For the next hour, you could hear a pin drop as the ambassador captured the power, majesty, and drama of Israel’s history. He recounted but a small handful of vignettes from his book, but knew exactly which ones would fascinate and captivate the children in front of him. From Levi Eshkol’s visit to Johnson’s ranch in Texas to his recollections of the first announcements he heard in shul on Yom Kippur that Israel was under attack, from Sadat’s ground-breaking visit to Israel to Begin’s courageous, passionate defense of Israel before Jimmy Carter at Camp David, Ambassador Avner mesmerized the 7th and 8th graders as few speakers could.
When it came time for questions from the students, there was a brief moment of silence. And then, as if on cue, one hand after the other shot up: “Which American presidents did you know?” “What was it like to work with Golda Meir?” “When you first came to Palestine in 1947 did you have to run the British blockade?” “Did you have to do research for your book, or did you write it all from notes taken at the time of the events?” And, when asked if he thinks there will ever be peace between Israel and the Arabs, Avner replied: “When I saw Sadat walk off the plane at Ben-Gurion airport I knew at that moment that someday, someday there will be a genuine peace.”
As it came time to bring the program to a close, there were still scores of hands up. But, rather than walk away not having their questions answered, a crowd of students stormed to the front of the room, surrounded Ambassador Avner and fired away with more questions.

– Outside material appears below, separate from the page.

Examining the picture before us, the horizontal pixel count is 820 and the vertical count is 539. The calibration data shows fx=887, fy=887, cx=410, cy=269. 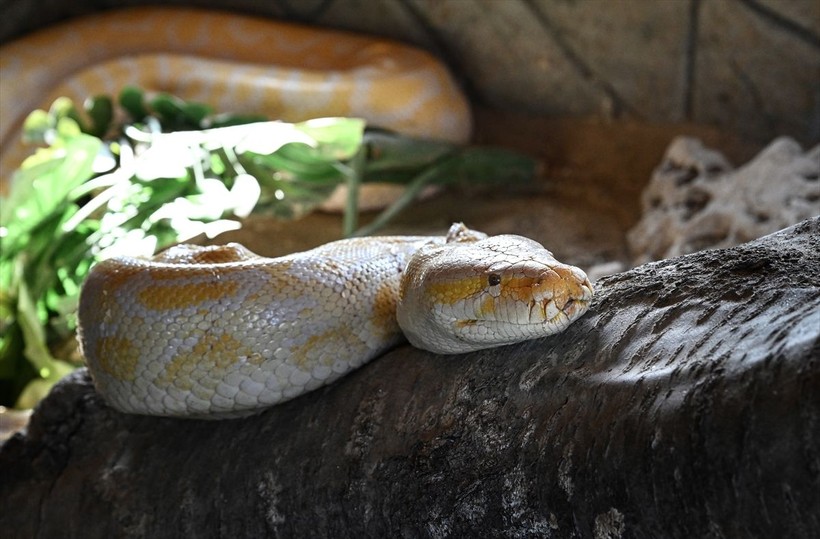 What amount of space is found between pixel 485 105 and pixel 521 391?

“Most touching of all,” remarked Dr. Prager, “was the scene of this world famous Jewish diplomat, historian, Zionist figure, and author hugging our children and they clinging to him. I don’t think I’ve ever seen anything quite like this.”
As Ambassador Avner began to take leave, one of the students turned to Dr. Prager and said, “Just hearing his stories, I feel like I was personally there witnessing these events...Can he come back next year?!